O espectro da fome ameaça também 1,2 milhões de refugiados na região do Darfur, no Sudão, que abandonaram as suas casas por causa dos ataques, pilhagens e violações executadas pelas milícias árabes Janjaweed.
Com o acordo hoje conseguido entre o PAM e os dois movimentos rebeldes sudaneses - Exército de Libertação do Sudão e Movimento para a Justiça e Igualdade - surge a esperança de que seja possível fazer com que a ajuda alimentar chegue a tempo de evitar uma tragédia nos campos de refugiados. Se os rebeldes cumprirem este acordo, os comboios de ajuda alimentar poderão circular sem serem atacados nas zonas controladas por estes grupos. Resta saber se a situação será igual nas zonas controladas pelas milícias Janjaweed.

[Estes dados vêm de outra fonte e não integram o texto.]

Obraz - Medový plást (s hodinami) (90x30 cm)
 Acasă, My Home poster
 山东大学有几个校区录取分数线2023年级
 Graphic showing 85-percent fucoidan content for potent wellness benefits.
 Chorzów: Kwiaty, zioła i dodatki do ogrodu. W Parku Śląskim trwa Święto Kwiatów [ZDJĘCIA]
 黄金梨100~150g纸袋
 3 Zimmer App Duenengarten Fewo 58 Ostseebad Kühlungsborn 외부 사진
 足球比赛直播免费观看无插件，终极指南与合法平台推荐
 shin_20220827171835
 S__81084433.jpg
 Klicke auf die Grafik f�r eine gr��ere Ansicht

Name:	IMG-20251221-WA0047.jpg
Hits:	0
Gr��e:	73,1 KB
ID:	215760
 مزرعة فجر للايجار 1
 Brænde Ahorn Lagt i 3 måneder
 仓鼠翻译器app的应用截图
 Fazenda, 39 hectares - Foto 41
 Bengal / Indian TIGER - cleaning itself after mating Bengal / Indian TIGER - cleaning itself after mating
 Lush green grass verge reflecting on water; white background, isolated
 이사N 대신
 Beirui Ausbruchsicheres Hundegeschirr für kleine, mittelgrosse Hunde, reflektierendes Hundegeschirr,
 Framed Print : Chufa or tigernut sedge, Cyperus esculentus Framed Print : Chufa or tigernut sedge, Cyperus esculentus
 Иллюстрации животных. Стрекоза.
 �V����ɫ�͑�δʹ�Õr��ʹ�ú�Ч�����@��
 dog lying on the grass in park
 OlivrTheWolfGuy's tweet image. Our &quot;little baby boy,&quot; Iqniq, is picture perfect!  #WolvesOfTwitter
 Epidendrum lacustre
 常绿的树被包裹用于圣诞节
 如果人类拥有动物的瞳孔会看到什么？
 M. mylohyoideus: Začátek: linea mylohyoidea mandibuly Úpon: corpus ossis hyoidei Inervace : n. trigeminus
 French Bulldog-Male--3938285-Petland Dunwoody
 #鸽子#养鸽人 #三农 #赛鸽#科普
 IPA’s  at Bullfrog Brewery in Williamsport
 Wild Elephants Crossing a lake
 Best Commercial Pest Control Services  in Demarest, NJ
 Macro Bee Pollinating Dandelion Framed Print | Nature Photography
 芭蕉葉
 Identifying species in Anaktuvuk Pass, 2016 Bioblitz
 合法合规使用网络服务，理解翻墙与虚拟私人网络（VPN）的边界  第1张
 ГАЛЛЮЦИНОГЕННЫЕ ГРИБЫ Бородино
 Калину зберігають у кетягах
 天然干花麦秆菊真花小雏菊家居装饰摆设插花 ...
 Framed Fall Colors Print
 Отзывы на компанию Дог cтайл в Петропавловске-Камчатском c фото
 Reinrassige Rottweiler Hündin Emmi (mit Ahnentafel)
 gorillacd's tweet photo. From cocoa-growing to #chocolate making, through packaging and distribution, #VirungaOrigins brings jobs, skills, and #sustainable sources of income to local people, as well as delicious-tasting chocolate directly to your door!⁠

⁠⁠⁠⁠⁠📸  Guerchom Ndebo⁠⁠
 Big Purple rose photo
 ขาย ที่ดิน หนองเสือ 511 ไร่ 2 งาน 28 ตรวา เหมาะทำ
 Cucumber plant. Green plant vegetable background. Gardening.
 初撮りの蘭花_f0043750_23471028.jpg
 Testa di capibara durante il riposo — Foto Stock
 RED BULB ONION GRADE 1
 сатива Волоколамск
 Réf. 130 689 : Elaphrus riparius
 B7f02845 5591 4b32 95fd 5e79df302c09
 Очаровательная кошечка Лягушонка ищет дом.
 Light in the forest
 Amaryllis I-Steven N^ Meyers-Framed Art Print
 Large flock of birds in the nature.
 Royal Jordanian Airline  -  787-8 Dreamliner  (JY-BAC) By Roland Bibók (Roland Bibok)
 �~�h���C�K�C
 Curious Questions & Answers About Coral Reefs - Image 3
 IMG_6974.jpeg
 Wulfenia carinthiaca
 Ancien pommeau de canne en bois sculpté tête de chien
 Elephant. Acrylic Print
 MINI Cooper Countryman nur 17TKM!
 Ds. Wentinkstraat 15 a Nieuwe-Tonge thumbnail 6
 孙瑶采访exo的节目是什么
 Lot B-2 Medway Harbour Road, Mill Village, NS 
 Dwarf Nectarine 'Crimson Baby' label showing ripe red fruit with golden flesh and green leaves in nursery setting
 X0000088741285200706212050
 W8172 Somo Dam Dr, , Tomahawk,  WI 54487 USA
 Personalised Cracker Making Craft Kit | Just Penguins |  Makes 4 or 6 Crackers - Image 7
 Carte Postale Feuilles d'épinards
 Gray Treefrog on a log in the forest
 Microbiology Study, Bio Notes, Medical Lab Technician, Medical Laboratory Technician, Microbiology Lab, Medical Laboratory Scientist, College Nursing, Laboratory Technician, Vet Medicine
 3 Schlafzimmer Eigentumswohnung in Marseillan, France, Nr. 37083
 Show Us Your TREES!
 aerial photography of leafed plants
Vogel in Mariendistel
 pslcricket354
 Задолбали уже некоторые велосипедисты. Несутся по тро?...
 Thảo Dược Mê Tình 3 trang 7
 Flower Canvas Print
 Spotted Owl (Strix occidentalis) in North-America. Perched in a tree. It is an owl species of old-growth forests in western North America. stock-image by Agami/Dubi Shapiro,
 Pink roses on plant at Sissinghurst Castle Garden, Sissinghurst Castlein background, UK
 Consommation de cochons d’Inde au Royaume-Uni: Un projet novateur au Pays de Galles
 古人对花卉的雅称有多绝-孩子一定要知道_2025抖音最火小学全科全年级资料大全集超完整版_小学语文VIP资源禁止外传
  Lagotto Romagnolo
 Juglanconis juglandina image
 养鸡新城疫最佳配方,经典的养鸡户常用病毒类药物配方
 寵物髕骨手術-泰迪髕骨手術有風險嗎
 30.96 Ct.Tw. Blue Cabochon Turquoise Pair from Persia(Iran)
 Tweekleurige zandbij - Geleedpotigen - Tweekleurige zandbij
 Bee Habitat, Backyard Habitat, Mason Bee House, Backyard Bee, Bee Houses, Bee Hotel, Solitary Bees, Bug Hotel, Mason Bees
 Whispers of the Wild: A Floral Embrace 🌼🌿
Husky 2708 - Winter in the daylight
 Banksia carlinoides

Os ataques aos comboios das Nações Unidas e as estradas intransitáveis por causa das chuvas fizeram com que o PAM tivesse que gastar ainda mais dinheiro para poder lançar os alimentos a partir de aviões de carga. No início de Julho o PAM gastou 800 mil dólares na aquisição de milhares de toneladas de alimentos que foram distribuídas, por avião, a milhões de pessoas no norte e no sul do Darfur.
O PAM tem actualmente em curso um segundo concurso para o fornecimento de 2 mil toneladas de alimentos nutritivos, atribuído a várias empresas alimentares sedeadas na Etiópia, país vizinho do Sudão. Ramiro Lopes da Silva, responsável do PAM para o Sudão, declarou à agência All Africa que “distribuir alimentos por avião é sempre um último recurso muito dispendioso, mas em muitas zonas do Darfur simplesmente não temos outra escolha”.
No Quénia as escassas chuvas em Abril e em Maio arruinaram as colheitas deste ano, consideradas as mais fracas desde 1999. O Padre Rafael Magiti disse à Ajuda à Igreja que Sofre que nos últimos meses muitas pessoas têm procurado o centro pastoral de Karungu. “As pessoas estão constantemente a bater à nossa porta para pedir ajuda, mas a este ritmo não teremos nada para lhes dar”, afirmou o sacerdote. As paróquias estão a distribuir mantimentos às populações famintas mas as reservas estão a chegar ao fim.
O Governo e a Igreja do Quénia, em conjunto com as Nações Unidas, lançaram um apelo para uma ajuda de emergência de cerca de 100 milhões de dólares para fazer face à crise. No entanto, os representantes de alguns dos países doadores deram a entender que não irão contribuir para este plano de emergência, acusando o governo queniano de nada fazer para erradicar a corrupção que emerge no executivo. O Alto-Comissário britânico Edward Clay afirmou recentemente que durante os 18 meses da administração do actual Presidente Kibaki desapareceram quase 200 milhões de dólares. Os representantes dos Estados Unidos e da Noruega manifestaram idêntica opinião.
No continente africano o “roteiro da fome” estende-se ainda por outros países como o Chad, a Namíbia ou a Etiópia. As condições climáticas, a guerra, a corrupção e a miséria estão a deixar milhões de pessoas em risco de subnutrição. No Quénia o responsável da UNICEF alerta para o crescimento da taxa de subnutrição que actualmente é duas vezes mais alta que os níveis considerados como aceitáveis pela organização.